Bold predictions, but not inconceivable.
Quote
AI datacenters already represent a substantial fraction of US economic growth,44
and are thus strongly tying together the financial interests of large tech companies (which are increasingly focused on either AI or AI infrastructure) and the political interests of the government in a way that can produce perverse incentives. We already see this through the reluctance of tech companies to criticize the US government
Quote
Our choice to engage on policy substance rather than politics is sometimes read as a tactical error or failure to “read the room” rather than a principled decision, and that framing concerns me. In a healthy democracy, companies should be able to advocate for good policy for its own sake.
This is refreshing to see, especially in such a capital- and regulatory-sensitive environment. Anthropic takes credit for its deliberate choices to stay true to its missions rather than play political games.
Quote
Much of it targets issues that aren’t actually problems (like datacenter water usage) and proposes solutions (like datacenter bans or poorly designed wealth taxes) that wouldn’t address the real concerns. The underlying issue that deserves attention is ensuring that AI development remains accountable to the public interest
Cynically, this serves the interests of unregulated AI. Get people to worry about the inconsequential things so they aren’t paying attention to the real problems ahead.
Quote
I think human purpose does not depend on being the best in the world at something, and humans can find purpose even over very long periods of time through stories and projects that they love. We simply need to break the link between the generation of economic value and self-worth and meaning.

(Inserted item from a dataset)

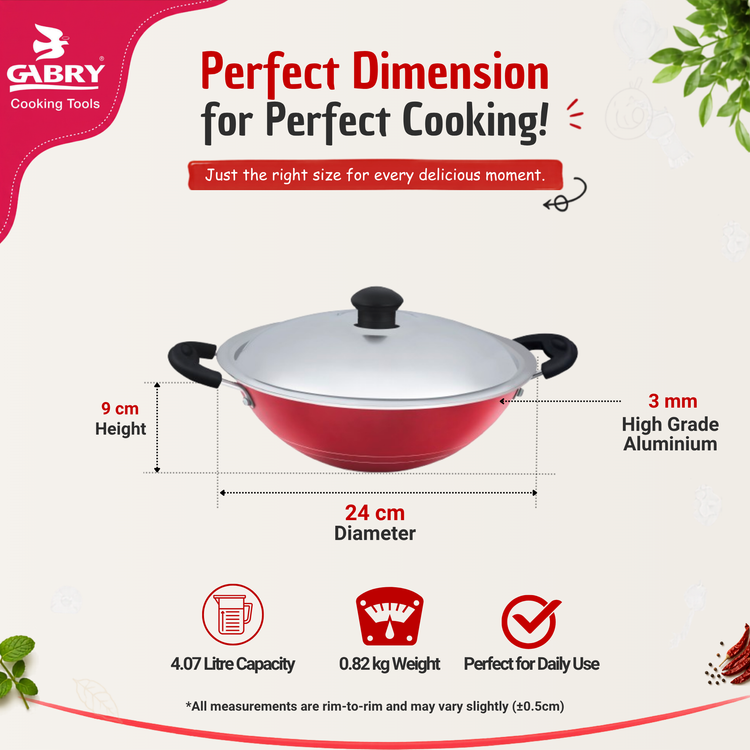 GABRY Non-Stick Cheena Chatti 24 cm | Steel Lid | Deep Fry Kadai | Elegant Series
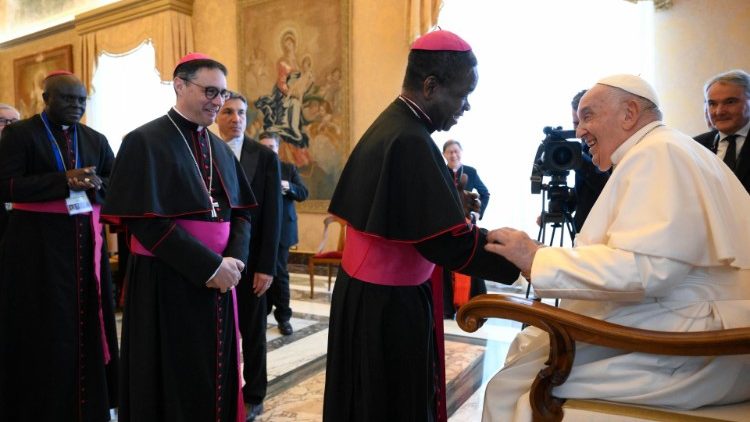 Pope meeting the Directors of the Pontifical Missionary Societies in the Clementine Hall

It’s easy to say this if you are comfortably wealthy. It’s harder if you are hanging on by a thread.
Quote
But in turn, the same AI-enabled tools that are necessary to fight autocracies can, if taken too far, be turned inward to create tyranny in our own countries. AI-driven terrorism could kill millions through the misuse of biology, but an overreaction to this risk could lead us down the road to an autocratic surveillance state.
TLDR is that these are hard problems that require nuanced and informed perspectives.
Quote
the idea of stopping or even substantially slowing the technology is fundamentally untenable. The formula for building powerful AI systems is incredibly simple,
…
If one company does not build it, others will do so nearly as fast. If all companies in democratic countries stopped or slowed development, by mutual agreement or regulatory decree, then authoritarian countries would simply keep going.
So really there’s a race to see who can get to the finish line fastest so they can begin setting the table for the next sprint.
Quote
slowing down the march of autocracies towards powerful AI for a few years by denying them the resources they need to build it,46
namely chips and semiconductor manufacturing equipment. This in turn gives democratic countries a buffer that they can “spend” on building powerful AI more carefully, with more attention to its risks, while still proceeding fast enough to comfortably beat the autocracies.
This is more reasonable than I credited Dario’s hardline position. The goal is to slow down progress for autocracies, not somehow prevent China from developing powerful models.
Quote
The first step is for those closest to the technology to simply tell the truth about the situation humanity is in, which I have always tried to do
This is a good summation of why I also write. Not so much at the humanity scale, but people should know the truth about what’s happening around them from the people closest to it.